With squirrel hunting already in, and other small game seasons just around the corner, I thought it might be fun to look at some small game. I actually think that small game hunting is my favorite form of the sport. Part of this has to do with weather, but it’s just plain fun, too.
Let’s start with squirrels. They are both abundant and tasty. However, even after a lifetime of squirrel hunting, and countless squirrels, I still have never gotten what you could call good at cleaning them. Even George Leonard Herter’s “instant” squirrel cleaning method has not worked for me. I’ve watched videos and read about a lot of methods. The only thing that works for me is to cut a hole in the skin on the back, insert a finger or two of each hand, and pull hard in opposite directions. This is usually messy, but it gets the job done. After I skin them, I remove the guts, which results in an unpleasant olfactory barrage. It’s worth it, though, as they are so delicious. You have to cook them right, though. I have found that it is best to soak them overnight in a mild solution of salt and vinegar water. Of course, you need to keep them in the fridge. If you cook them in the slow cooker, that is all you have to do. To grill them, and hey they are delicious that way, parboil them first, then coat them with your favorite sauce. If you skip the parboiling, they will be like leather. Low and slow is the best.

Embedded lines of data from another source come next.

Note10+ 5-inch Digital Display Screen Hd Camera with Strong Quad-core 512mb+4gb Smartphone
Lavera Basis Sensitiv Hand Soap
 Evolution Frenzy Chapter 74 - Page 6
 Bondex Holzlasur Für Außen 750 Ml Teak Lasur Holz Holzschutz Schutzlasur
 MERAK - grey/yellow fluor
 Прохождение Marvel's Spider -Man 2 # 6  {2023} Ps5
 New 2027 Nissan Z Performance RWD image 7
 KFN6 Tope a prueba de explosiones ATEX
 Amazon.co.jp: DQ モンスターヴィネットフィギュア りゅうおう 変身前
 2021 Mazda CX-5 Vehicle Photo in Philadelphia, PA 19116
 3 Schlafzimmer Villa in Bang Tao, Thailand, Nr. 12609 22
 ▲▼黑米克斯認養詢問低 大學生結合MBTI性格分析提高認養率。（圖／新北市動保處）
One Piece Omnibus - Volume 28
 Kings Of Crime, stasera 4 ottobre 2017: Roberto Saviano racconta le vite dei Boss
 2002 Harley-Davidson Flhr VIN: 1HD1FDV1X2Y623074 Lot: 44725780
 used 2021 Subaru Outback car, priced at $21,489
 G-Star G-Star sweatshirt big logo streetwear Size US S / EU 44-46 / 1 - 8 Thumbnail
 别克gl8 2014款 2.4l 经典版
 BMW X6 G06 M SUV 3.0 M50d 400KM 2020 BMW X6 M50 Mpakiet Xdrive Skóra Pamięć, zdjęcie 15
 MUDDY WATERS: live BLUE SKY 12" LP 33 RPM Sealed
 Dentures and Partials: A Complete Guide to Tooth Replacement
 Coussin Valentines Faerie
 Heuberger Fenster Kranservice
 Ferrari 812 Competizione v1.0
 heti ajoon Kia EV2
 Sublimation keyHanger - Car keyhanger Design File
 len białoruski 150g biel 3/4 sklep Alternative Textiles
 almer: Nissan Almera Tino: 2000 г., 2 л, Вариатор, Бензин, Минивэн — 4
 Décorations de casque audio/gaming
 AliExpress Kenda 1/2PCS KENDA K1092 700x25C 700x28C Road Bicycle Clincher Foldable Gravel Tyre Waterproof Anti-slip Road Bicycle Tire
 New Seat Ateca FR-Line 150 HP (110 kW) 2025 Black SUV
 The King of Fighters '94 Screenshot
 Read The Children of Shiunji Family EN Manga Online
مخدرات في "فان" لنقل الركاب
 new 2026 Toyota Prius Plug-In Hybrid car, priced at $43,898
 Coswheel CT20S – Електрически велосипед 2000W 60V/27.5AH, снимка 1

Then, we have grouse. They come into season very soon. They are delicious, if prepared properly. I must admit that I have gotten very few of them in my hunting career. When they fly up, it usually startles me so much that I freeze until it is too late for the shot. I have, however, gotten a few, one of them with a muzzleloading shotgun. My friends have given me a few, and one once crashed into our storm door. The issue with them is dryness of the meat. This is where the slow cooker comes into the picture. Six to eight hours on low is what it takes. Put your grouse in the pot. Add chicken broth about a third of the way up on the bird. Rub the bird with your favorite seasoning. Toss in a few veggies if you like. You will find the grouse nothing less than delectable. The same holds true for pheasants.
Then, of course, there are rabbits. I haven’t hunted them much since Old Bub’s beagle, Queenie, died. She was the best rabbit dog I have ever known. I have found that you can treat rabbits about the same as you do squirrels. Deep fried, they are great.
This year, I am going to try something totally different. Last Christmas, my son gave me a 28 gauge shotgun. I had often heard of them, but never had one. This year, I am going to give it a try on small game. I have never used one of these before. I am anxious to see how it performs.